Seriously though, of course there's a lot of details here, but I think people tend to not really interenalize how much testing is about confidence, and things like incremental CI can really chew away at how big/small your test suite needs to be. There are some things that are just inherently slow, but I've seen a lot of test suites that are mostly rerunning tests that only use unchanged code for most of its runtime.

My glib assertion is that there is likely to be no test suite generated by 20 engineers that requires 30 shards that is impossible to chop up with incremental CI. And downstream of that, getting incremental CI would improve DX a lot, cuz I bet those 30 shards take a long time

incremental CI is absolutely the way to go
I can get a 48 core/96 threads dedicated server for 200€ a month on hetzner. The cheapest EC2 with that comes close costs 2€ per hour. I can get nearly 10 hetzner servers that run consistently for that price.

Obviously the dedicated machines are not rentable per hour, but the cloud is so much more expensive.

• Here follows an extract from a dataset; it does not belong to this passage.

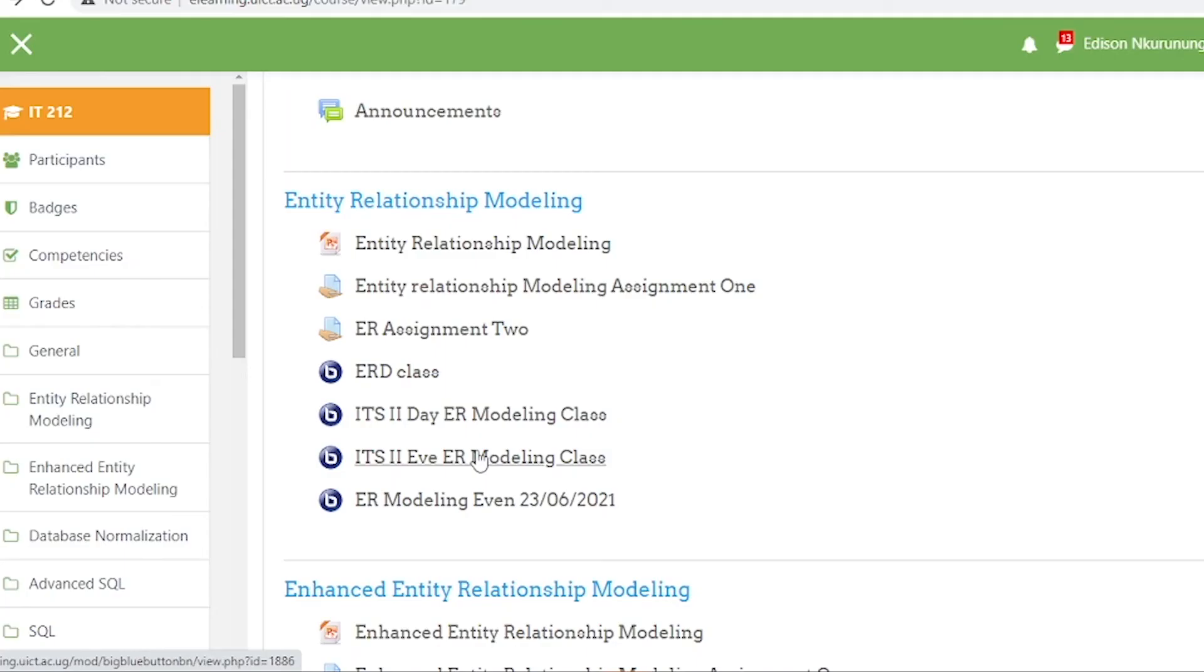You will be able to access previously conducted lectures. For example, if you never attended a class in the morning, by evening you can study the recording of the video and audio and catch up with the rest who attended the live class.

Very much this. I’ve overseen this process for one of my clients and we’ve seen build + deploy times go from 5-10 minutes down to around 1-2m. This was down to increased performance, improved caching, and being about to cut out some minor workflow setup steps.

So 10x cheaper and 5x the performance.

Still using GitHub Actions, but now just using self-hosted runners.

Well, the point was that if 4 concurrent `git push`es saturates up to 1500 vCPUs then you'd need 16 of those hetzner dedicated servers (which you have to manage the uptime for) that you're paying for for the entire month. ~4 pushes is a very small amount and an org with a few dozen or so engineers will regularly see peaks higher than this.

Additionally, you'd have to ensure some isolation across your test runs (either by running the test suites in ephemeral containers, or VMs) which is additional engineering work for something that isn't business critical.

In my experience, dedicated hardware has provided a baseline real-world 2x speed up over cloud instances (presumably down to no contention, local nvme). So that would be 8 hetzner instances.

I managed to squeeze out a 5x speed up total (see my other comment). In which case that would mean 3-4 instances.

Plus with shorter build times you may then find that having a builds queued up is acceptable.